__Provided material__
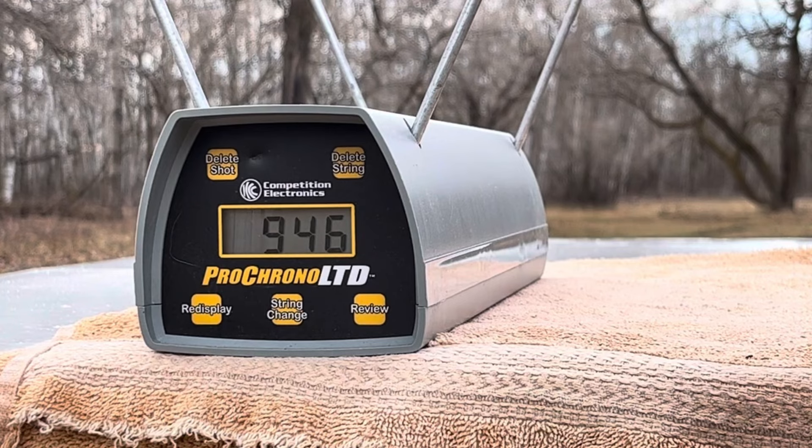946 — so we're getting close to what the box says they should be doing, and it's like shooting a BB gun, there is no recoil at all. 997. 1009. Not bad. I usually just do three.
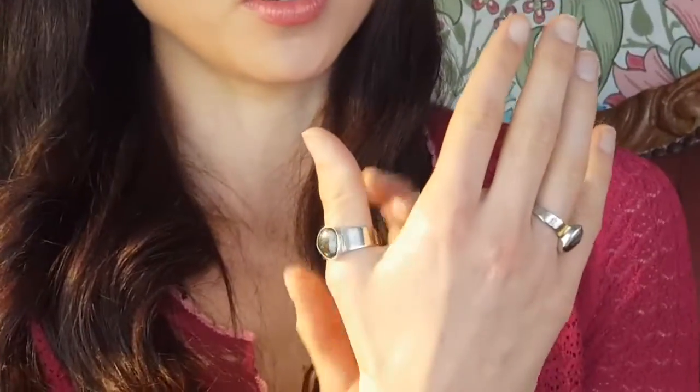It's mainly a neutral color, which I think is good for men as well. And a thicker band too, so you can easily just pop that on your thumb — which I think a lot of men do — or on your middle finger as well.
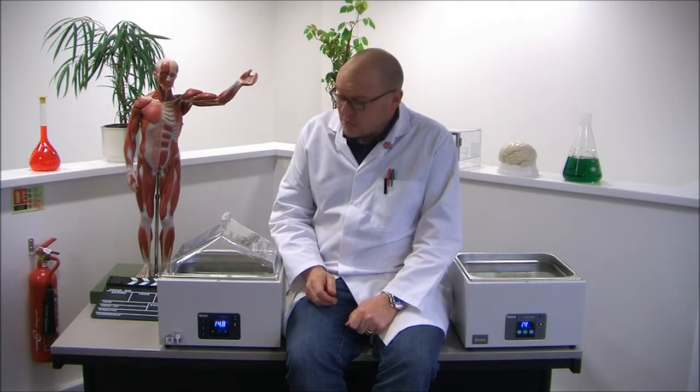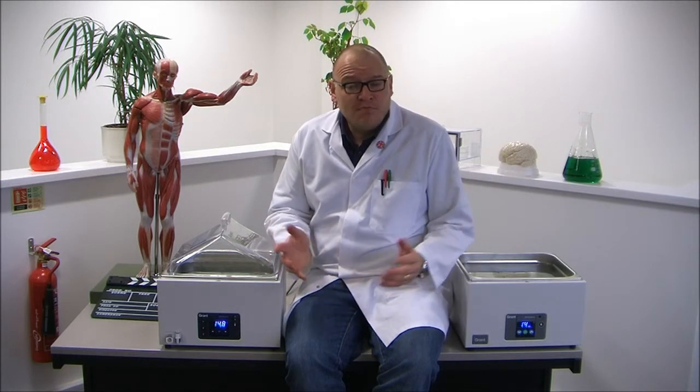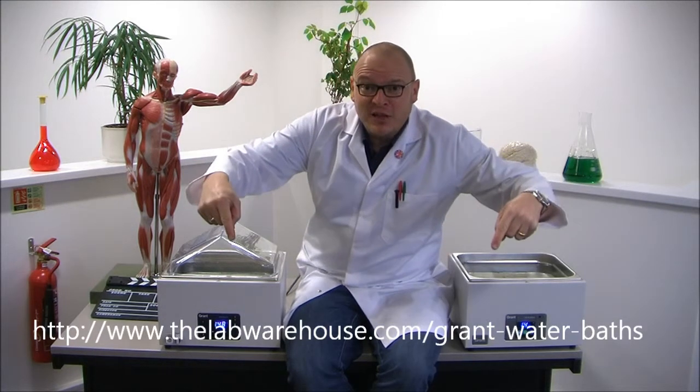Well, there you go. Thanks for watching. I hope you enjoyed our little look at these great new products from Grant. Remember, all Grant products can be bought now at thelabwarehouse.com. Alternatively, you know the drill — follow the link below.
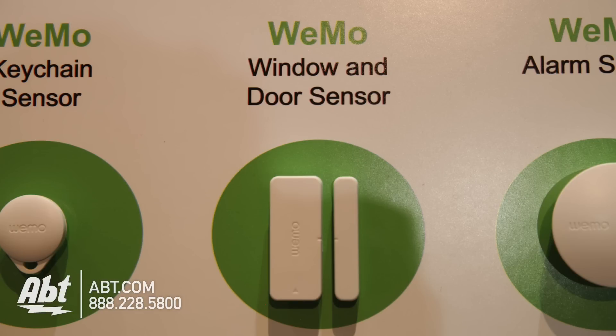The next one is our Wemo window and door sensor, which will sit on any window or any door. It's a magnetic contact sensor, so once that contact is broken, it'll send an alert letting you know that someone is trying to get into your refrigerator, your front door, your sliding glass door, your closet door, or your safe — whatever door you put it on.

__Problem to solve__
Set down the material above as is, without any pictures.

__Response box__
946 — so we're getting close to what the box says they should be doing, and it's like shooting a BB gun, there is no recoil at all. 997. 1009. Not bad. I usually just do three.
It's mainly a neutral color, which I think is good for men as well. And a thicker band too, so you can easily just pop that on your thumb — which I think a lot of men do — or on your middle finger as well.
Well, there you go. Thanks for watching. I hope you enjoyed our little look at these great new products from Grant. Remember, all Grant products can be bought now at thelabwarehouse.com. Alternatively, you know the drill — follow the link below.
The next one is our Wemo window and door sensor, which will sit on any window or any door. It's a magnetic contact sensor, so once that contact is broken, it'll send an alert letting you know that someone is trying to get into your refrigerator, your front door, your sliding glass door, your closet door, or your safe — whatever door you put it on.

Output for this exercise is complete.